1. Flore de Moscato ($4.99) – delicious blend of Orange Muscat and Muscat Canneli. Great dessert wine to drink on its own or pair with some flourless chocolate cake. I’m not a big drinker, but I have a terrible sweet tooth. So… dessert wines are totally up my alley.

2. Chocolate croissant ($3.99) – Flaky, buttery pastry rolls with a chocolate log in the middle. Every package has 4 croissants. I’ve already waxed rhapsodic about this particular treat from TJ’s. In a nutshell, if loving these is wrong, I don’t want to be right.

3. Lemongrass chicken eggrolls ($2.99) – a package of 10 mini eggrolls that will bake up crispy and golden in your oven. Juicy chicken filling, with lemongrass and pepper. These treats would be perfect for finger foods. 

4. Vermont apple chicken sausages ($3.49) – 5 pre-cooked sausages with the most delightful sweetness. I like to chop these sausages into thin slices, pan-fry them (no oil necessary) until browned, then just eat them by themselves or fold them into omelets with sauteed mushrooms and caramelized onions.

5. Mango sorbet ($3.99) – Honestly?
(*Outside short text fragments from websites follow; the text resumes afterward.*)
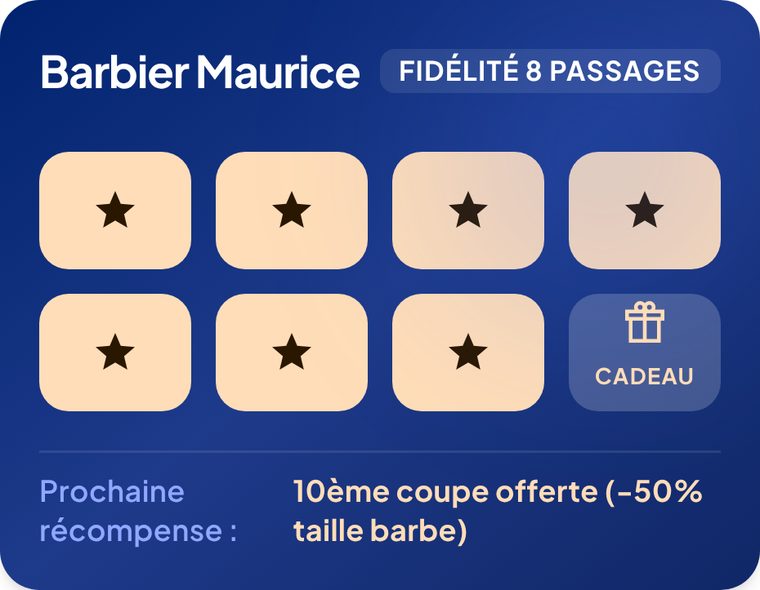 Carte de fidélité Wallet : Barbier Maurice, 8 passages
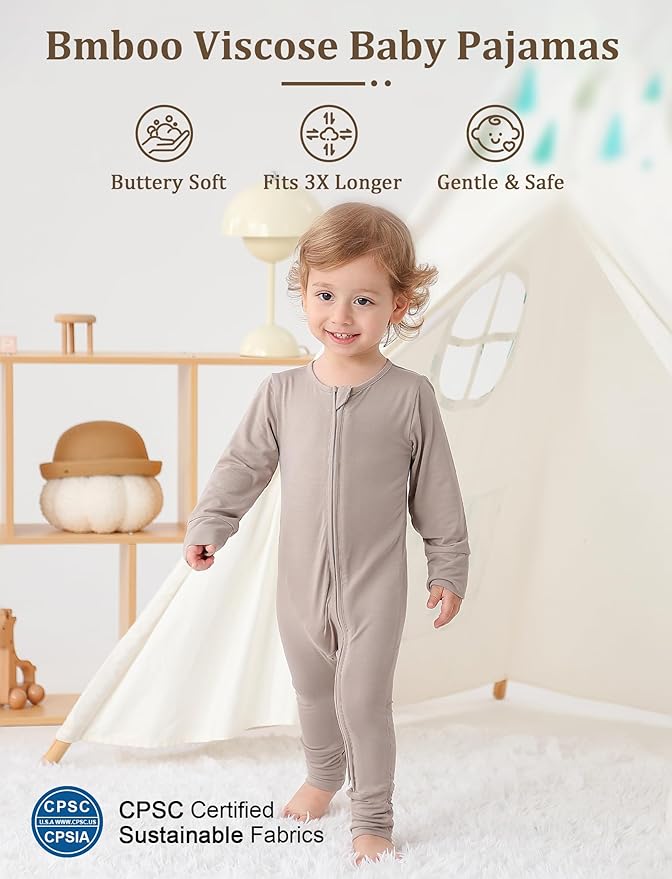 JunNeng Viscose from Bamboo Sleeper with Mittens, 2 Way Zipper Baby Boy Pajamas, Non Slip Sleep'N Play Romper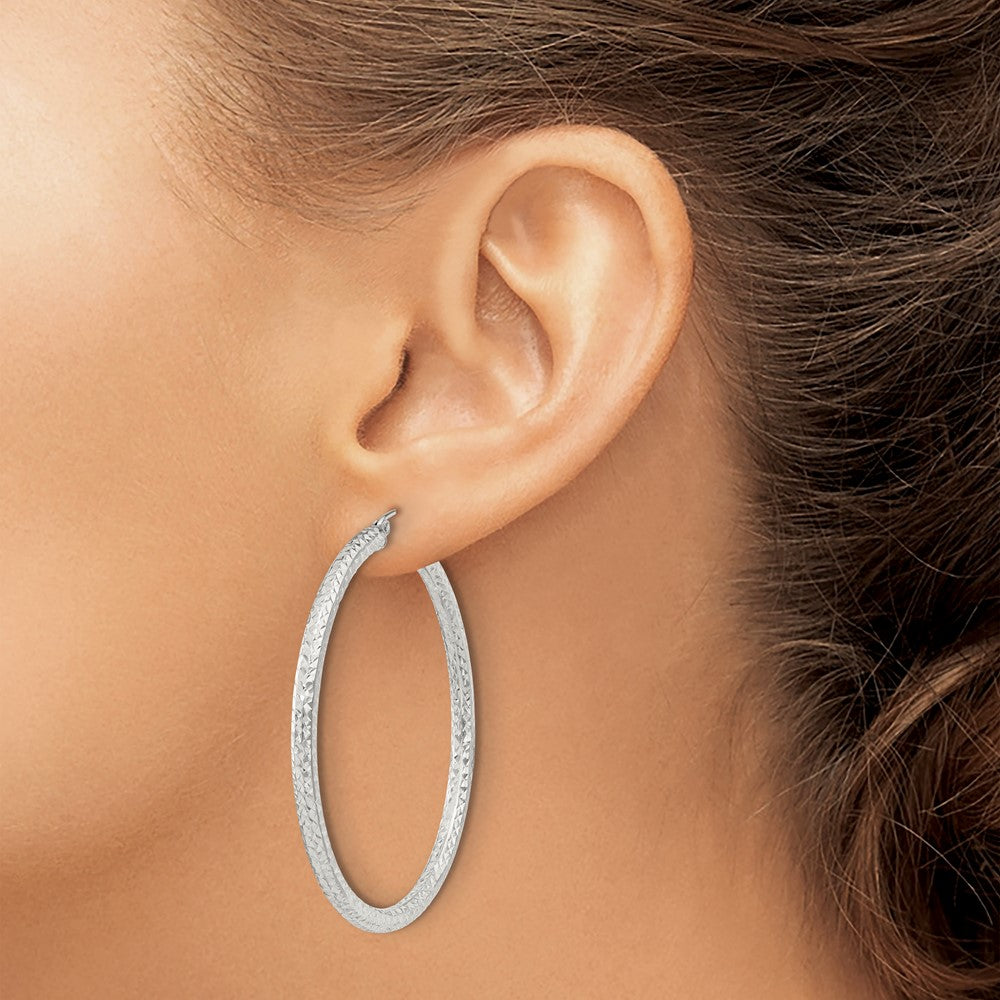 QE8092SP Sterling Silver D/C 3x50mm Hoop Earrings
Honestly?? This taste just like frozen, pureed mangos. This sorbet captures the essence of mango down to the fruit’s last pulpy drop. It’s the perfect indulgence on a Summer night.

6. Pizza Parlano ($4.69) – Best. Frozen. Pizza. Ever. Sausage, pepperonis, onions, bell peppers (i.e. my favorite ingredients on one pizza!). The meats are all nitrate-free, so I can indulge (relatively) guiltlessly. I just make one of these pizza and toss together a salad for a quick and yummy meal for two.

(Can you tell that I love adjectives related to food?)

Share your favorite under-$5 treats in the comments!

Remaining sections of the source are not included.